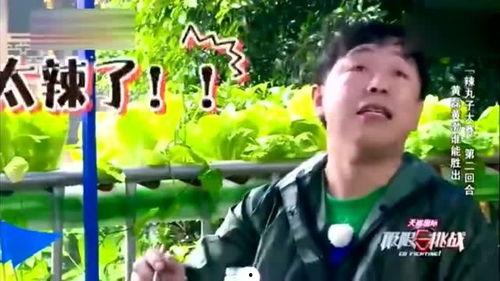 辣老师吃瓜,揭秘娱乐圈幕后真相 第3张 辣老师吃瓜,揭秘娱乐圈幕后真相 第3张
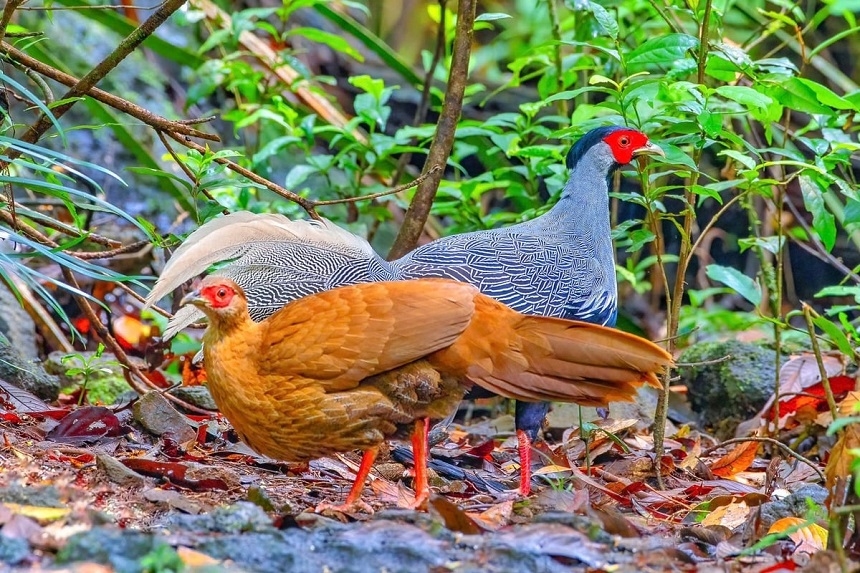 Hình ảnh về gà lôi trắng - một trong những loài động vật quý hiếm phân bố tại vùng núi của Vườn quốc gia Bạch Mã, hiện đang được nỗ lực bảo tồn.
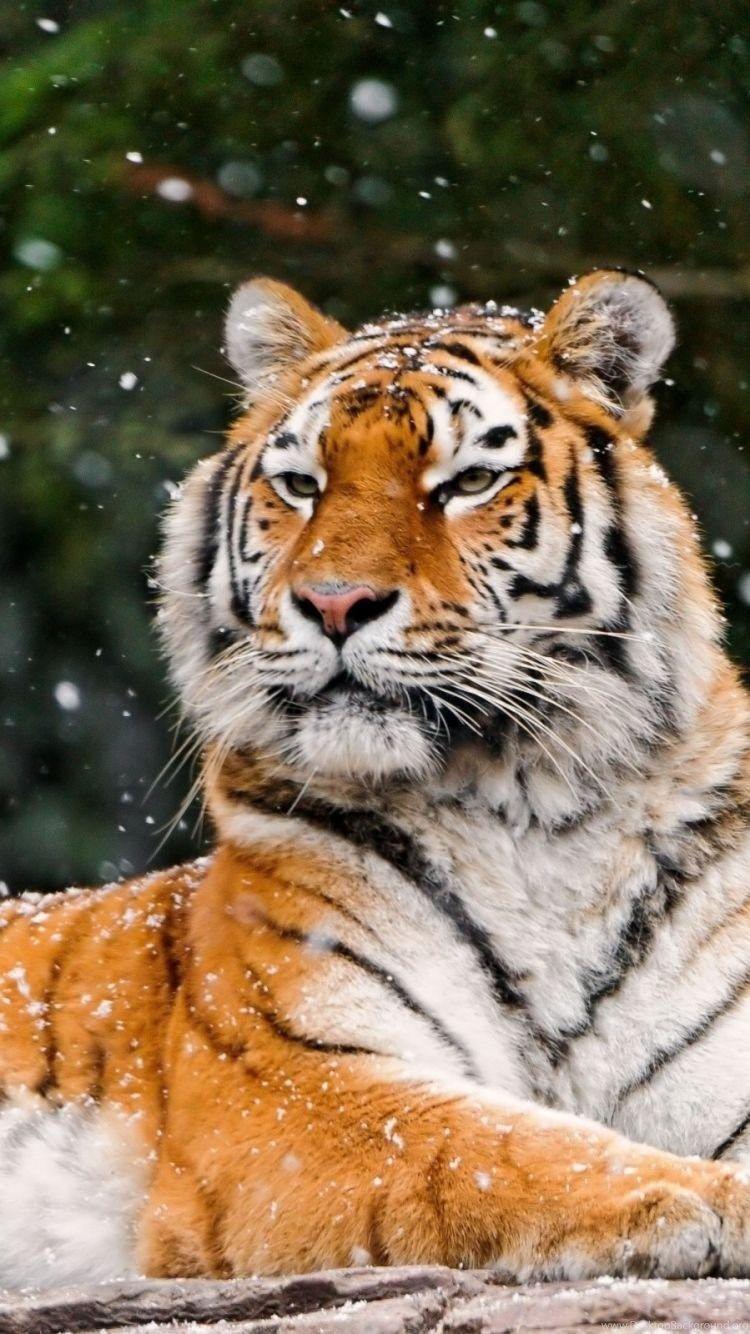 Tiger iPhone HD Wallpapers Top Free Tiger iPhone HD Backgrounds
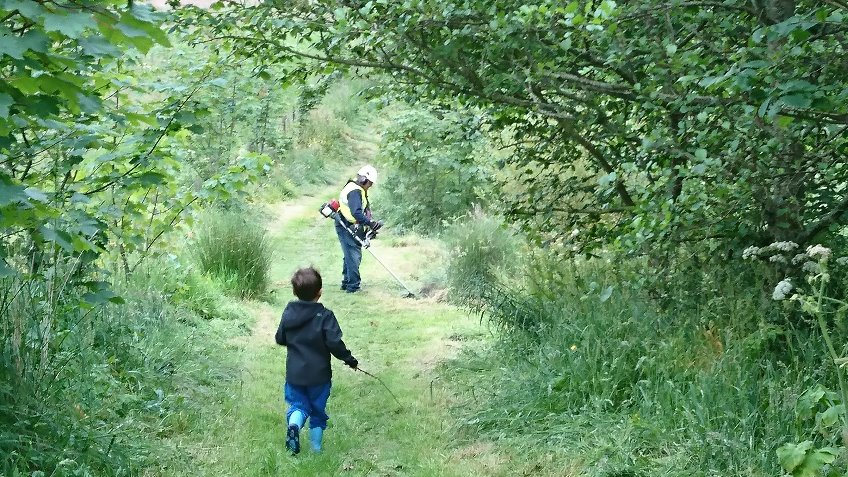 Cove Woodland Trust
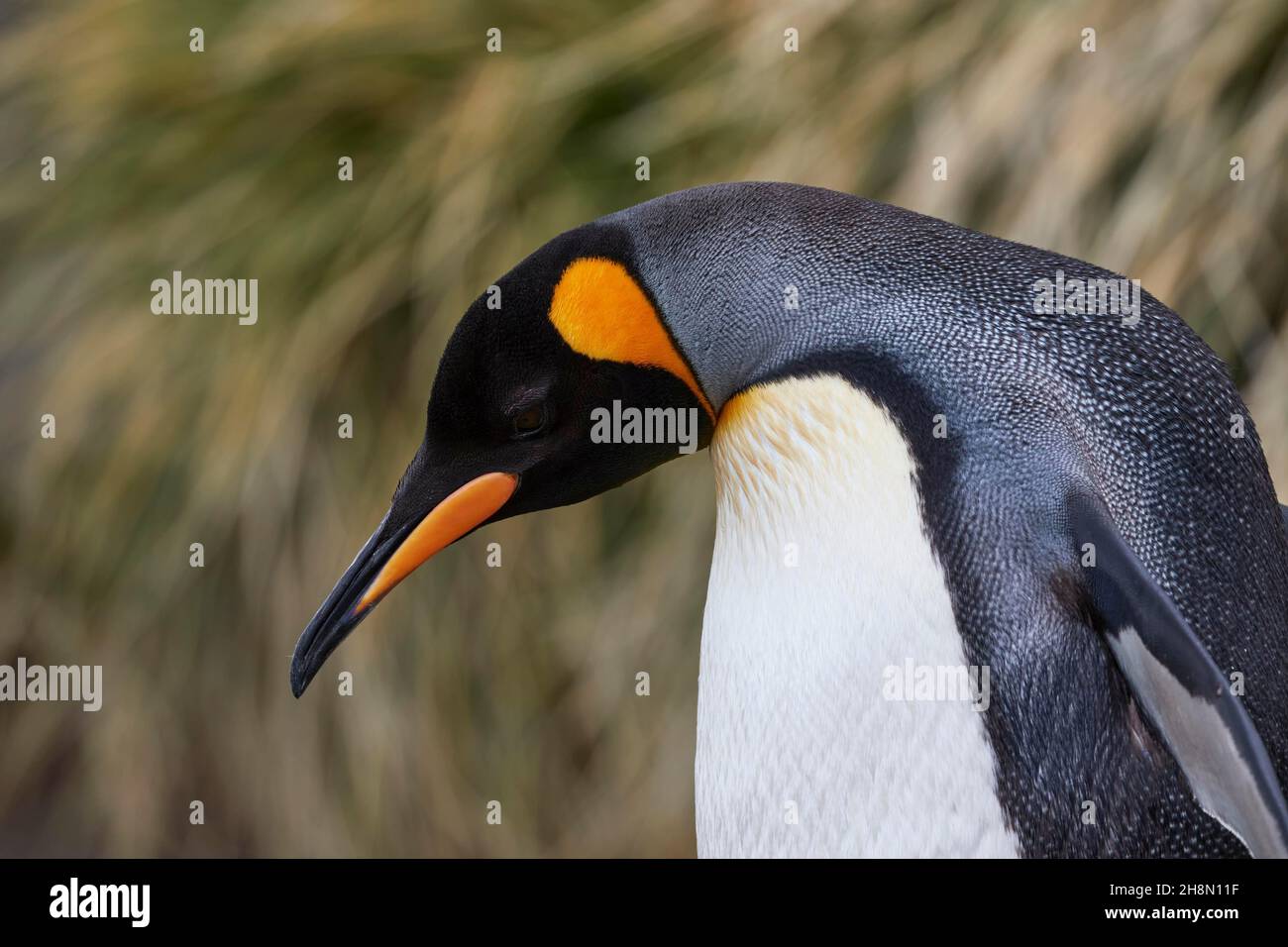 King penguin (Aptenodytes patagonicus), portrait, Fortuna Bay, South Georgia and South Sandwich Islands, British Overseas Territory, Antarctica Stock Photo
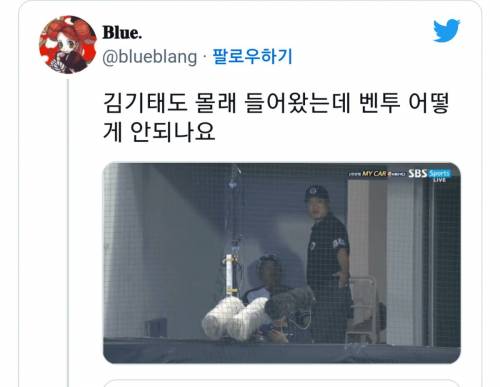 벤투 퇴장 이후, 벤투가 경기 지시하는 대안을 제시하는 우리나라사람들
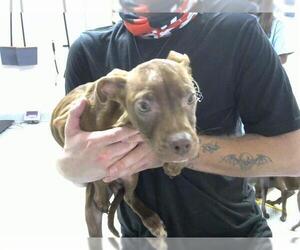Labrador Retriever-Unknown Mix Dogs for adoption in Pasadena, TX, USA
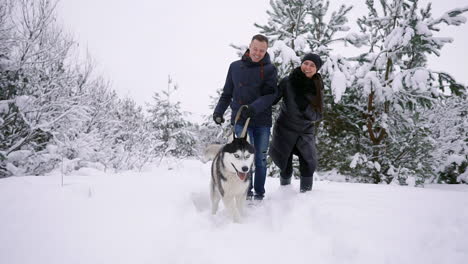 Man-and-woman-walking-with-Siberian-husky-in-winter-forest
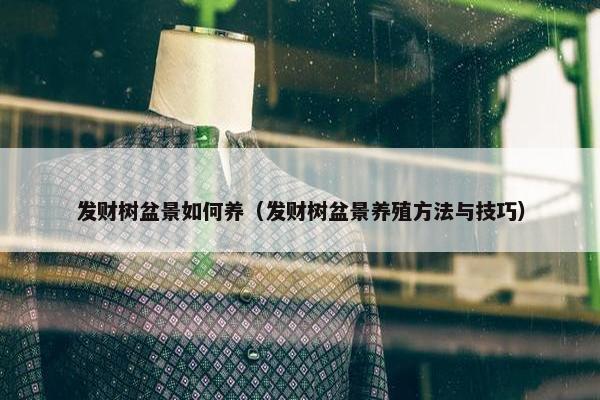 发财树盆景如何养（发财树盆景养殖方法与技巧）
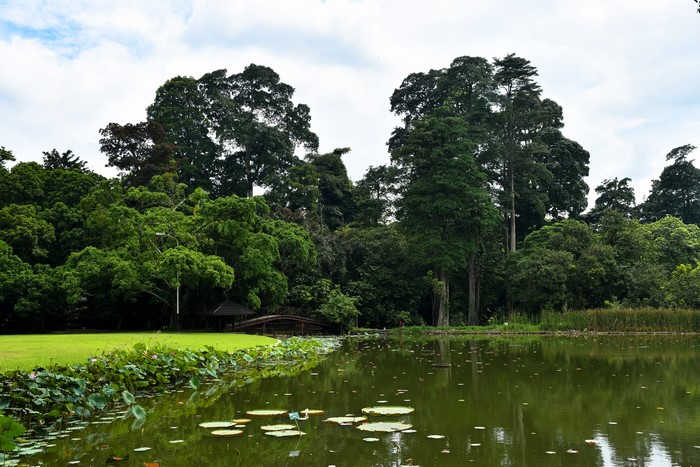 Pond with lotus plants and trees in Bogor, Indonesia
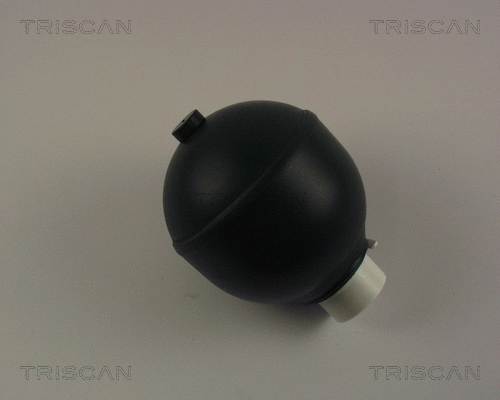 Pressure Accumulator, pneumatic suspension (8760 38216)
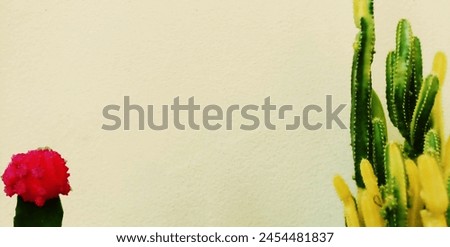 Cactus plants on white cement wall background. Cute little tree in a pot. Nature templates in gardening ideas for graphic design.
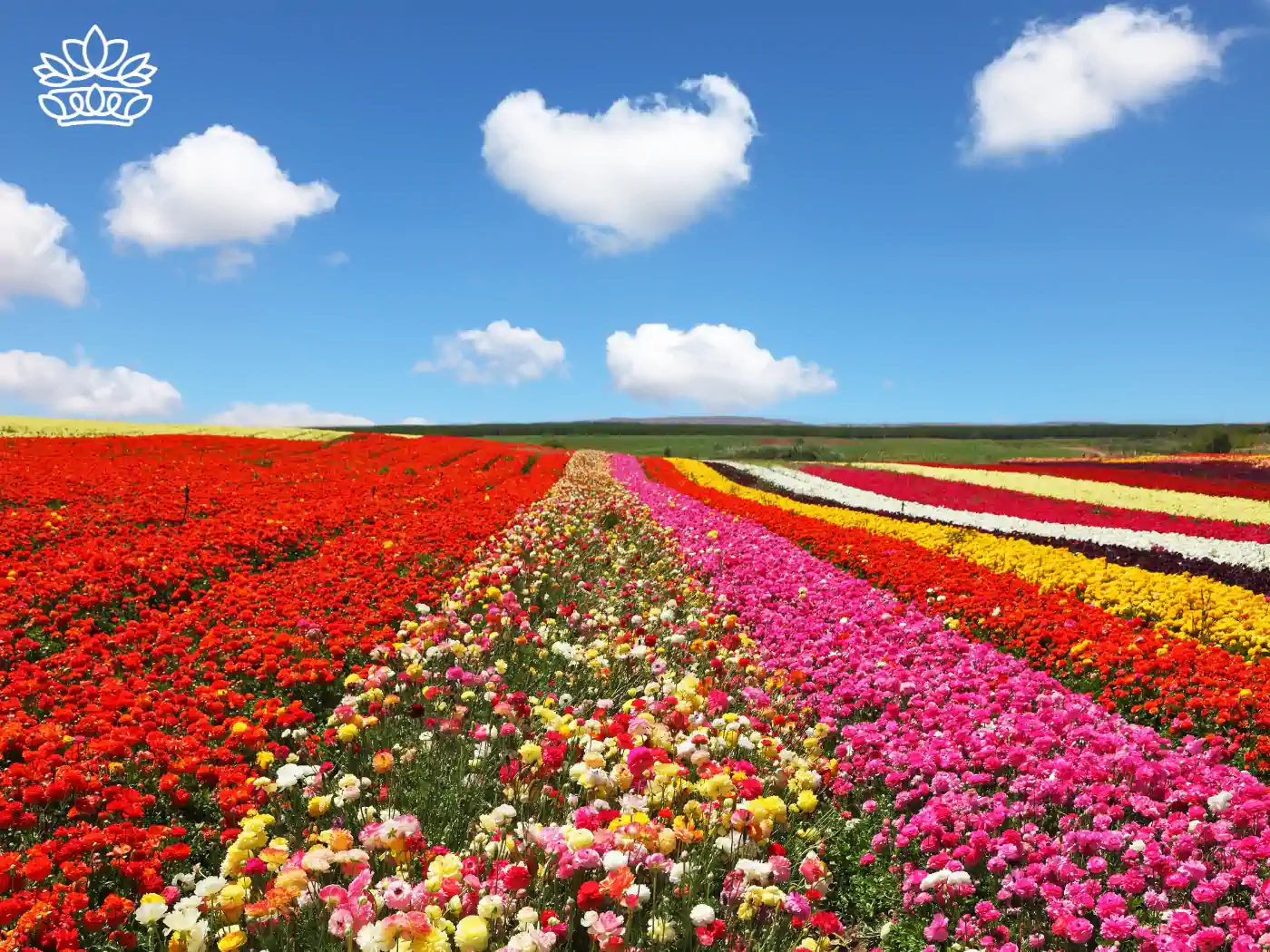 Stunningly vibrant rows of red, yellow, and pink flowers create a vivid tapestry against a blue sky with fluffy white clouds, celebrating the rich diversity of floral beauty. Fabulous Flowers and Gifts: Flower Arrangements Under R500, Delivered with Heart.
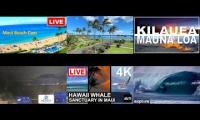 Thumbnail of Hawaii live cams Hawaii live cams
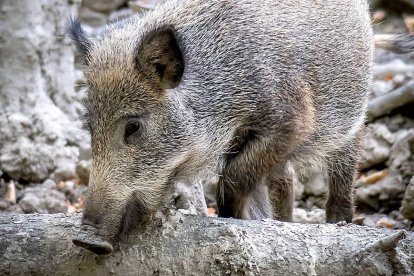 Un jabalí busca alimento en una zona boscosa. ICAL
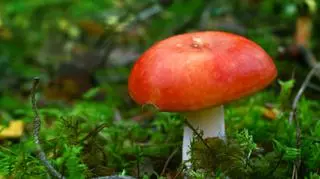 Gołąbek grzyb w lesie. 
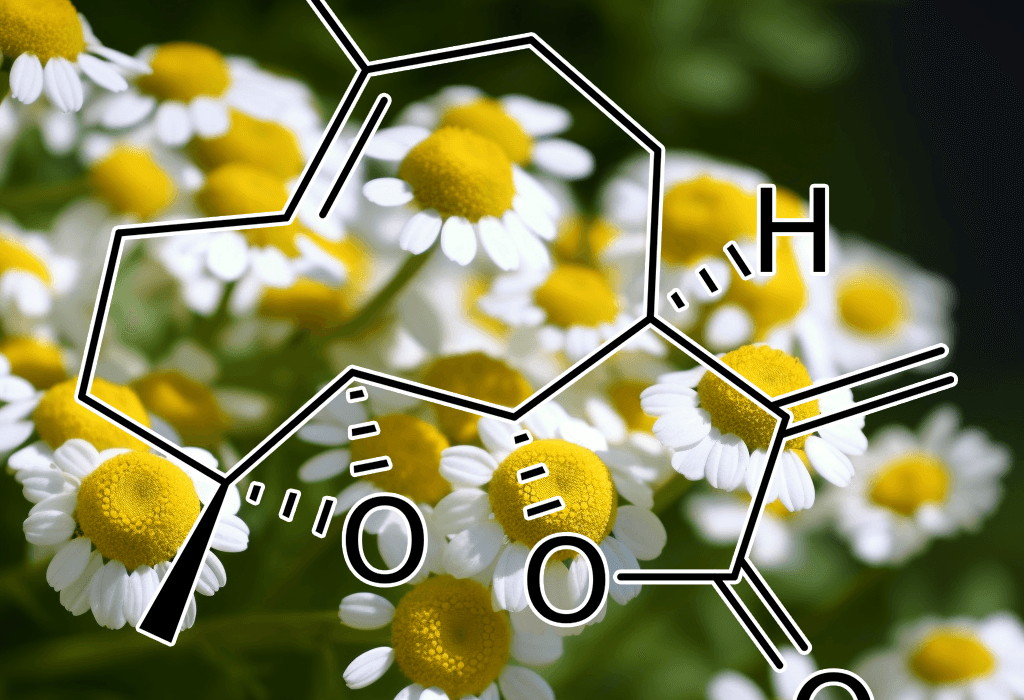 Parthenolide Feverfew - Interstellar Blends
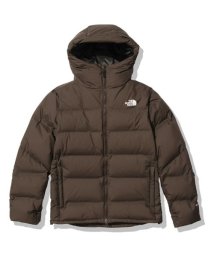 THE NORTH FACE/BELAYER PARKA (ビレイヤーパーカ)/505618638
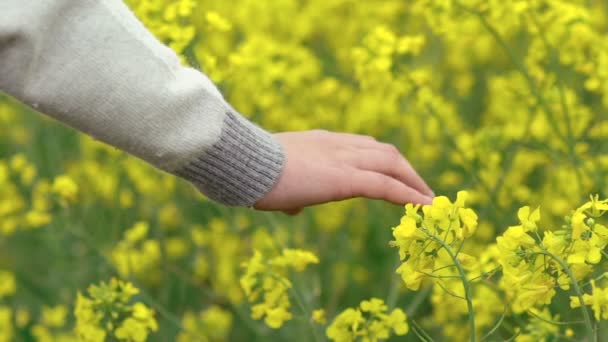 Close up childs hand touches rape blossom on field. Slow motion — Stock Video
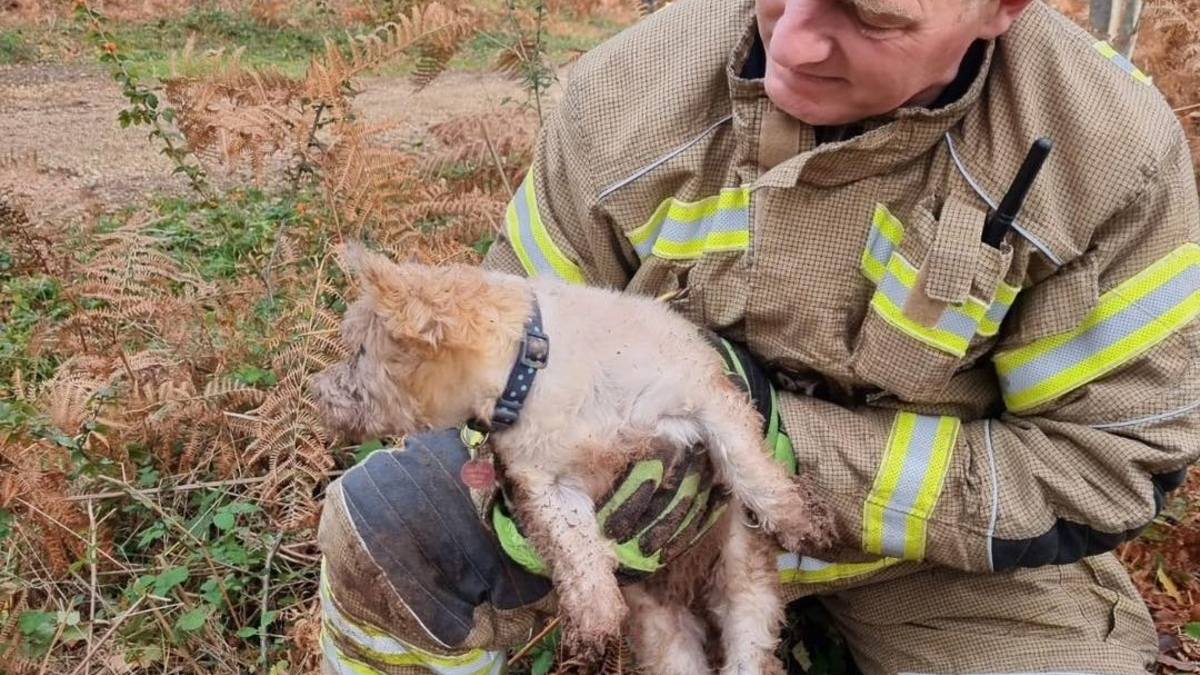 Illustration : "Une chienne reste coincée dans le terrier d'un lapin pendant 18 heures, les pompiers sont appelés en dernier recours"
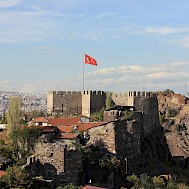Cengiz &Ouml;zarpat/Unsplash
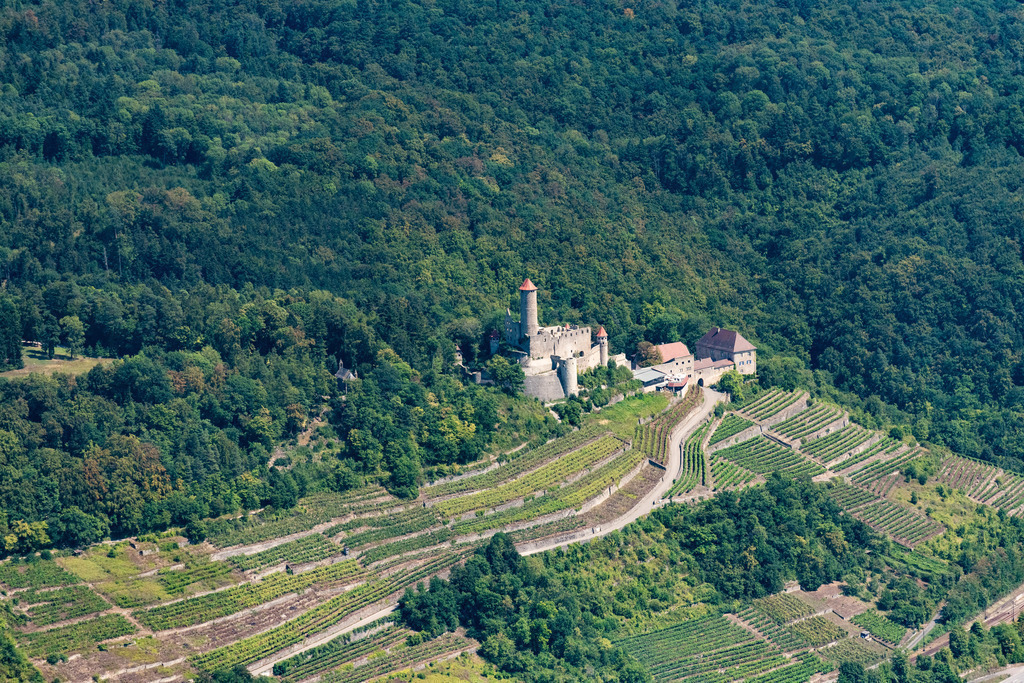 dr__0015685.jpg | NECKARZIMMERN 03.08.2018 Burganlage der Veste Hornberg in Neckarzimmern im Bundesland Baden-Württemberg, Deutschland. // Castle of the fortress Hornberg in Neckarzimmern in the state Baden-Wurttemberg, Germany. Foto: Daniel Reiter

━━━━━━━━

▶ [Exercise brief]: Your answer must be an exact copy of the listing, minus its pictures.

▶ [Response to this exercise]:
 辣老师吃瓜,揭秘娱乐圈幕后真相 第3张 辣老师吃瓜,揭秘娱乐圈幕后真相 第3张
 Hình ảnh về gà lôi trắng - một trong những loài động vật quý hiếm phân bố tại vùng núi của Vườn quốc gia Bạch Mã, hiện đang được nỗ lực bảo tồn.
 Tiger iPhone HD Wallpapers Top Free Tiger iPhone HD Backgrounds
 Cove Woodland Trust
 King penguin (Aptenodytes patagonicus), portrait, Fortuna Bay, South Georgia and South Sandwich Islands, British Overseas Territory, Antarctica Stock Photo
 벤투 퇴장 이후, 벤투가 경기 지시하는 대안을 제시하는 우리나라사람들
Labrador Retriever-Unknown Mix Dogs for adoption in Pasadena, TX, USA
 Man-and-woman-walking-with-Siberian-husky-in-winter-forest
 发财树盆景如何养（发财树盆景养殖方法与技巧）
 Pond with lotus plants and trees in Bogor, Indonesia
 Pressure Accumulator, pneumatic suspension (8760 38216)
 Cactus plants on white cement wall background. Cute little tree in a pot. Nature templates in gardening ideas for graphic design.
 Stunningly vibrant rows of red, yellow, and pink flowers create a vivid tapestry against a blue sky with fluffy white clouds, celebrating the rich diversity of floral beauty. Fabulous Flowers and Gifts: Flower Arrangements Under R500, Delivered with Heart.
 Thumbnail of Hawaii live cams Hawaii live cams
 Un jabalí busca alimento en una zona boscosa. ICAL
 Gołąbek grzyb w lesie. 
 Parthenolide Feverfew - Interstellar Blends
 THE NORTH FACE/BELAYER PARKA (ビレイヤーパーカ)/505618638
 Close up childs hand touches rape blossom on field. Slow motion — Stock Video
 Illustration : "Une chienne reste coincée dans le terrier d'un lapin pendant 18 heures, les pompiers sont appelés en dernier recours"
Cengiz &Ouml;zarpat/Unsplash
 dr__0015685.jpg | NECKARZIMMERN 03.08.2018 Burganlage der Veste Hornberg in Neckarzimmern im Bundesland Baden-Württemberg, Deutschland. // Castle of the fortress Hornberg in Neckarzimmern in the state Baden-Wurttemberg, Germany. Foto: Daniel Reiter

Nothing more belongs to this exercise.